SAFTU statement on the COSATU general strike

The South African Federation of Trade Unions has noted the call by the Congress of South African Trade Unions for a general strike against corruption on 27 September.

“What prompted this action,” say COSATU, “were the revelations by the Public Protector that the current South African Administration has been captured and that there is a network of the predatory elite that is engaged in looting of state resources and corrupt activities”.

The strike’s main demands are “to push the President of the Republic of South Africa Cde Jacob Zuma to establish the Judicial Commission of Inquiry” and that “the state and all its institutions must refuse to deal with the predatory elite and in particular cancel all commercial dealings with the Gupta family”.

SAFTU cannot disagree with that but sees double standards at play by the COSATU leadership.

SAFTU was out on the streets to fight corruption even before it was officially launched in April. It submitted its own Section 77 Notice in December 2016 for a general strike and has joined civil society in many anti-corruption marches. At not one of these has COSATU made any appearance, and has even condemned those taking part.

SAFTU is not opposed to collaboration with other workers’ organizations but it must be based on principle. In this case we cannot support this march, in part because we were never consulted, but also because we have to raise the following serious questions:

  1. COSATU’s leaders abandoned the militant program adopted by its 12th National Congress because its ANC and SACP alliance partners were uncomfortable with its commitment to genuine radical economic transformation and the battle against corruption. Its leaders were less loyal to their to the downtrodden workers than to their cohorts in the alliance and government, including those they are now attacking for ‘state capture’ who for years they continued to support.
  2. They failed to act on the 12th Congress resolutions on corruption and were knowingly complicit in defending the ongoing manipulation of state institutions. They only started to condemn ‘state capture’ when it got involved in the factional warfare within the ANC and the alliance, and the faction they supported opportunistically began to attack the criminal actions of their opponents.
  3. The COSATU leadership also only started to talk in more radical language about radical economic transformation, when all the factions began to mouth radical slogans that none of them have done anything to implement after 23 years in power.
  4. Just 12 months ago, COSATU was using workers’ money to put up huge posters for the local government elections calling for a vote for jobs by supporting the ANC candidates, despite being in the midst of a job-loss bloodbath. Yet now that are asking workers to give up a day’s pay to oppose the policies of an ANC government which over and over again they have being urging them to vote for.
  5. The job losses, which COSATU also purports to be concerned about, have happened because the ANC government, supported by its allies, have consistently pursued neoliberal economic policies which have strengthened the power of white monopoly capital and are the main reason for the catastrophe of unemployment, poverty and inequality. This is why their sudden hostility of ‘white monopoly capitalism’ rings so hollow.
  6. This is the same COSATU leadership which expelled its biggest affiliate, NUMSA, after its 2013 Special National Congress called for Zuma’s resignation because of his role in the looting of public assets and called for an end to COSATU’s alliance with the ANC. This led to a serious split within the workers’ movement which was a deliberate attempt to strengthen the status quo and weaken the opposition of the working class to corruption and capitalism.
  7. This leadership also did nothing to intervene and stop the purging of those from SAMWU, and other unions who were trying to expose corruption within their unions. COSATU leaders put their own internal factional interests to expel NUMSA and force out Zwelinzima Vavi above the need to tackle gross corruption in SAMWU, CEPPWAWU and other unions, and continue to do so.
  8. COSATU is blocking and frustrating in Nedlac the processing of SAFTU’s Section 77 strike application, in the hope that it can present itself as a champion of workers’ struggles when in fact it has betrayed them.
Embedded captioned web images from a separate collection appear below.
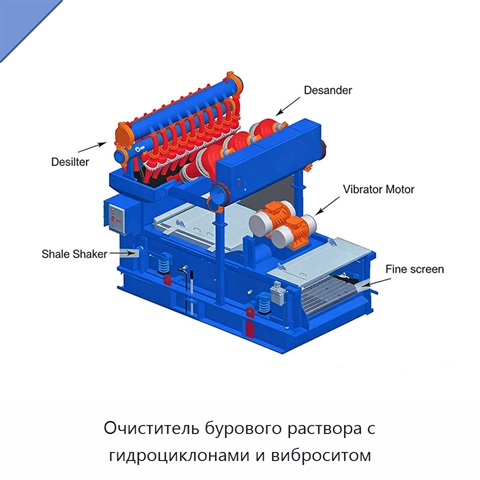 Очиститель бурового раствора с гидроциклонами и виброситом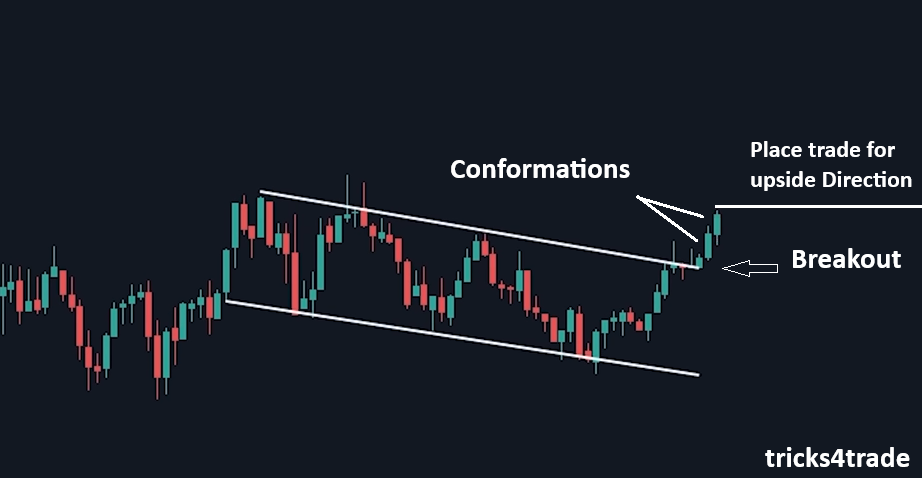 Breakout and Conformation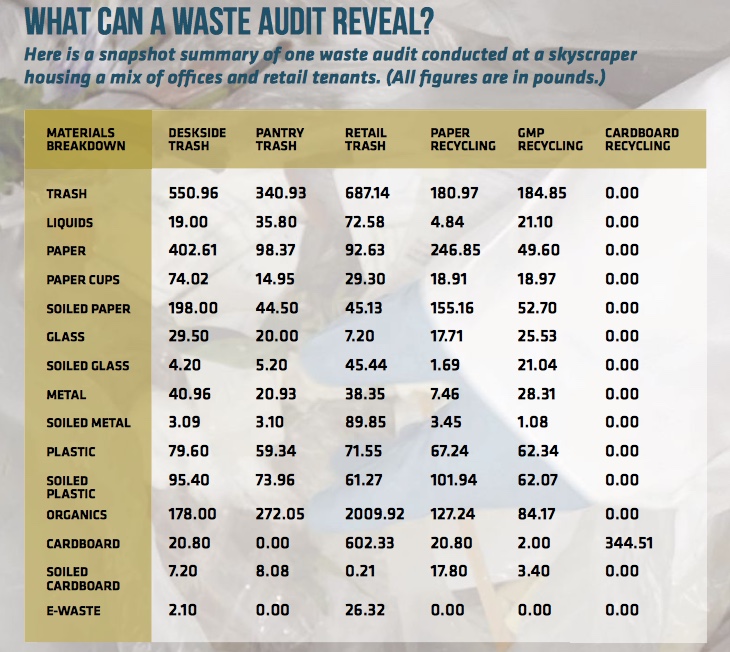 Waste data is crucial information for facility managers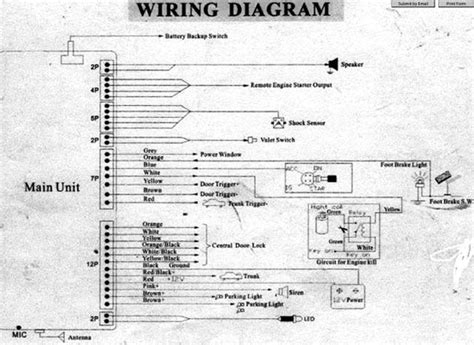 dodge ram trailer wiring diagram wiring digital  schematic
For all these reasons SAFTU stands by its decisions to build a new, genuinely independent, militant and revolutionary workers’ federation which will fight not only against corruption and looting but also against the inherently corrupt capitalist system which is at the root of all the unfolding scandals which we now know involve far more than the Guptas and ANC leaders but a vast network of criminal fraudsters.

SAFTU fully understands why workers are angry and want to march in protest against the economic crisis, the attacks on jobs and living standards and the theft of public resources. They should however aim their anger not only at the employers, government and the ANC but against their own leaders who have sat back for years and failed to mobilize on their behalf.

SAFTU is pressing ahead with its own Section 77 Notice to allow for a protected  general strike in November and a People’s Assembly in December which will chart out a genuinely radical path not only to end corruption but to build a new equal society, inspired by the Freedom Charter which will lead to a South Africa which belongs to the people. We call on all workers to rally behind this call and fight for workers’ unity on a principled basis.